EXERCISE REQUIREMENTS
Your answer should hold exactly the lines below from the line with "Pantaloons Junior Boys" through the line with "Striped Polo Collar", both included, and no pictures at all.

RAW DATA
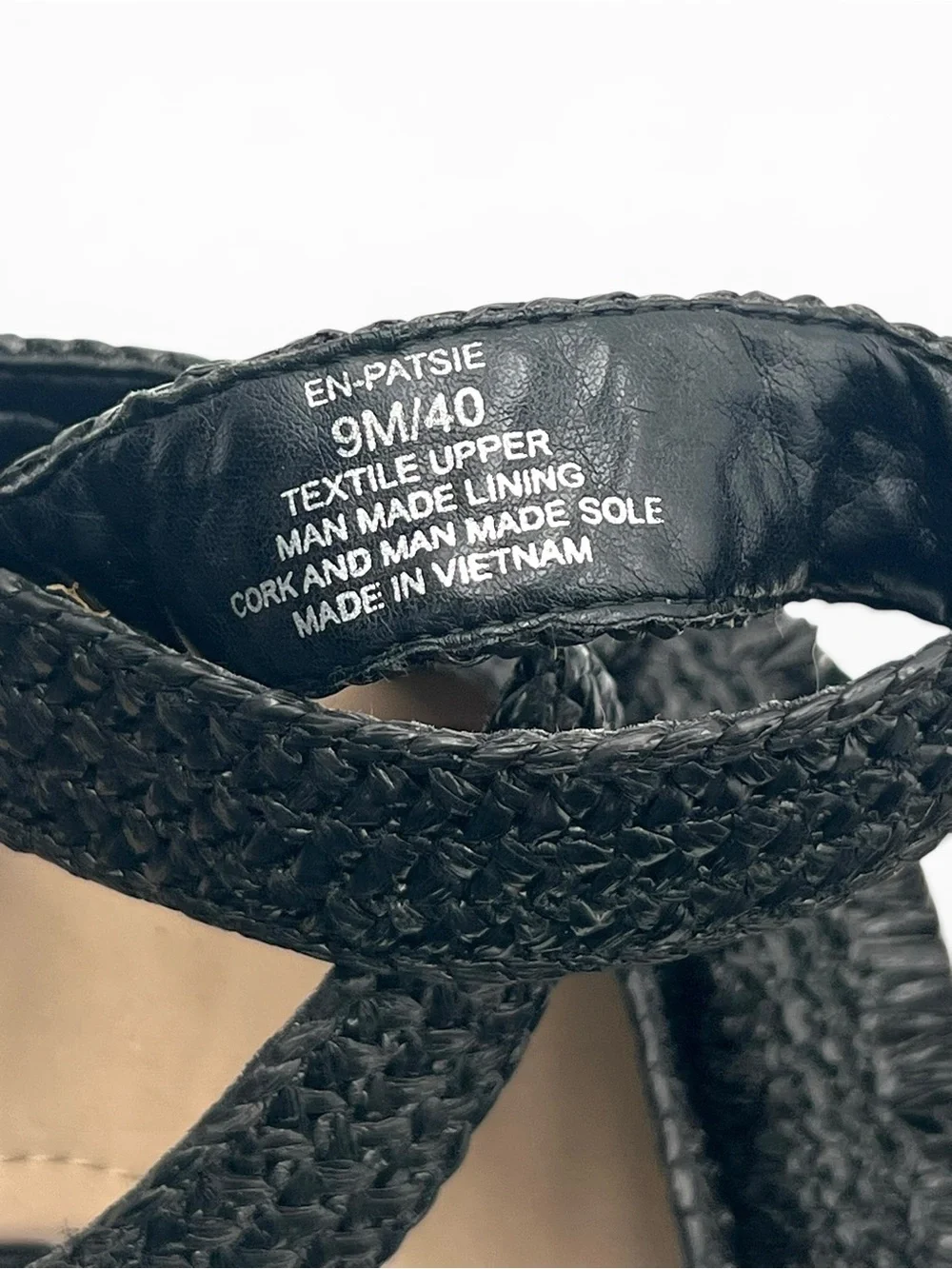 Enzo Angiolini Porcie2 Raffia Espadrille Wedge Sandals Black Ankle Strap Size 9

---

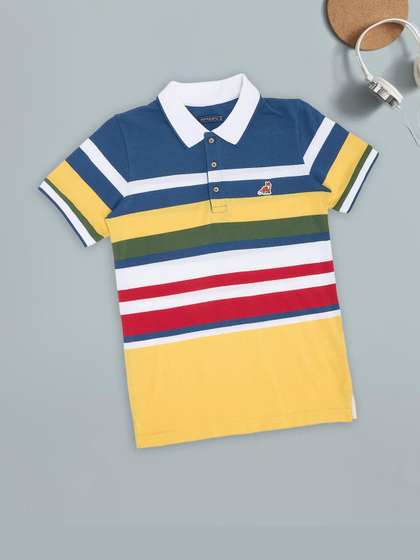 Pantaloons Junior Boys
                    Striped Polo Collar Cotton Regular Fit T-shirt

RESPONSE TO THE EXERCISE
 Pantaloons Junior Boys
                    Striped Polo Collar Cotton Regular Fit T-shirt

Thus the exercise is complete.